Sólo había una cosa, una, sólo una que me hacía querer irme de Madrid: su artificialidad incipiente. Sus calles pensadas con premeditación y alevosía. Sus prisas, sus mentiras, sus calumnias. Todas las prótesis que año tras año se le ha ido anexando a la ciudad: los grandes centros comerciales, el bullicio consumista de la gente, las miradas de desprecio bajo los cartones...

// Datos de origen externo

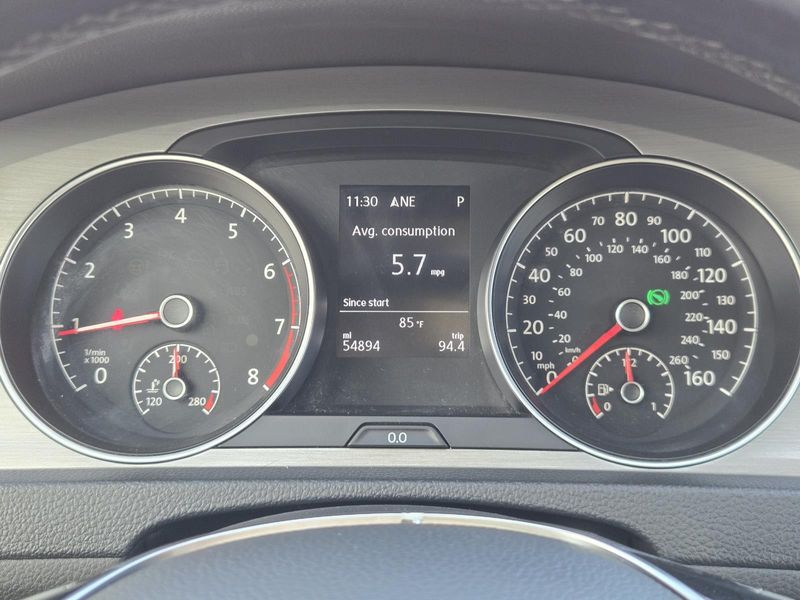 Used 2016 Volkswagen Golf 4dr HB Auto TSI S w/Sunroof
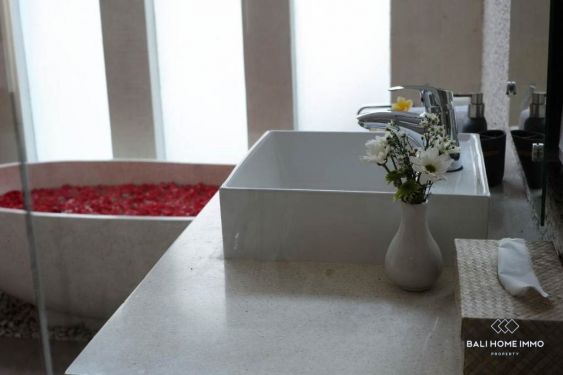 Image 16 from Beautiful 3 Bedroom Villa for Monthly Rental in Bali Seminyak Residential Side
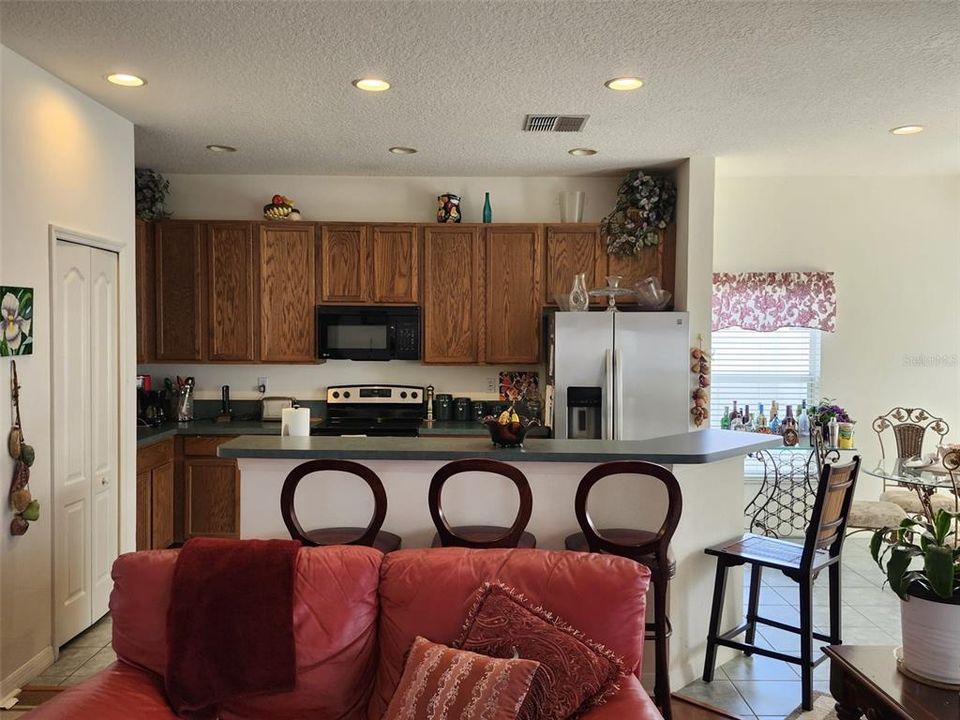 合同活跃: $420,000 (3 贝兹, 2 浴室, 2042 平方英尺)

Sólo había un sitio de Madrid que se salvaba, que me salvaba: la música callejera. Sentarme en mi sitio favorito de Madrid, en el paseo del Palacio Real, mirar hacia los costados, ver gente, ver calle, ver atardeceres, y siempre siempre siempre, sin falta, ver sus caras. Las caras de los que ponen banda sonora a mis paseos. Las caras de los que me sonríen si les miro. Las caras de todos ellos haciéndole el amor, por una vez en mucho tiempo, a algo tan efímero como es la música. Con sus negras y sus blancas, sus redondas... con sus silencios. Haciéndole el amor a los silencios. Sólo eso me salvaba de esta ciudad podrida de dinero mal invertido.
Y sólo había una cosa que temía perder: la música. La música que tanto nos acompaña siempre. Porque ¿qué somos sin música? ¿qué haríamos sin ellos, que nos cantan? Los que hacen que la vida adquiera sentido, los que hacen que te atrevas a tararear una de Mozart o a bailar con los mariachis en la Puerta del Sol.
¿Y ahora? Y ahora me los quitan. Me quitan los acordes que llegan mal parados a mis oídos, cansados de esquivar tanto ruido. Me quitan la música. La música que hace que Madrid tenga vida. La música callejera. Es, para que me entiendan, como si a Argentina le quitan los tangos. ¡¡Yo, que vivo con la música a la espalda!!... (Así, para darle un poco de dramatismo al asunto por si todavía nadie se había percatado de lo grave del asunto)
Resulta que todo lo que yo me había construido sobre Madrid, las pocas balsas que me salvaban del naufragio de la ciudad, son simple y llanamente... ¡mentira!
Yo sé que hay mucha gente que leerá esto, porque siempre me suele leer. Y también sé que hay mucha gente que no lo hará, porque no suele leerme. Pero si has llegado hasta aquí sabes de lo que te hablo, sabes lo que siento, porque sabes tan bien como yo que hay cosas que no se nos puede arrebatar tan fácilmente. Y una de ellas es la música.
Porque me niego a creer que hasta los pliegues de Madrid sean artificiales.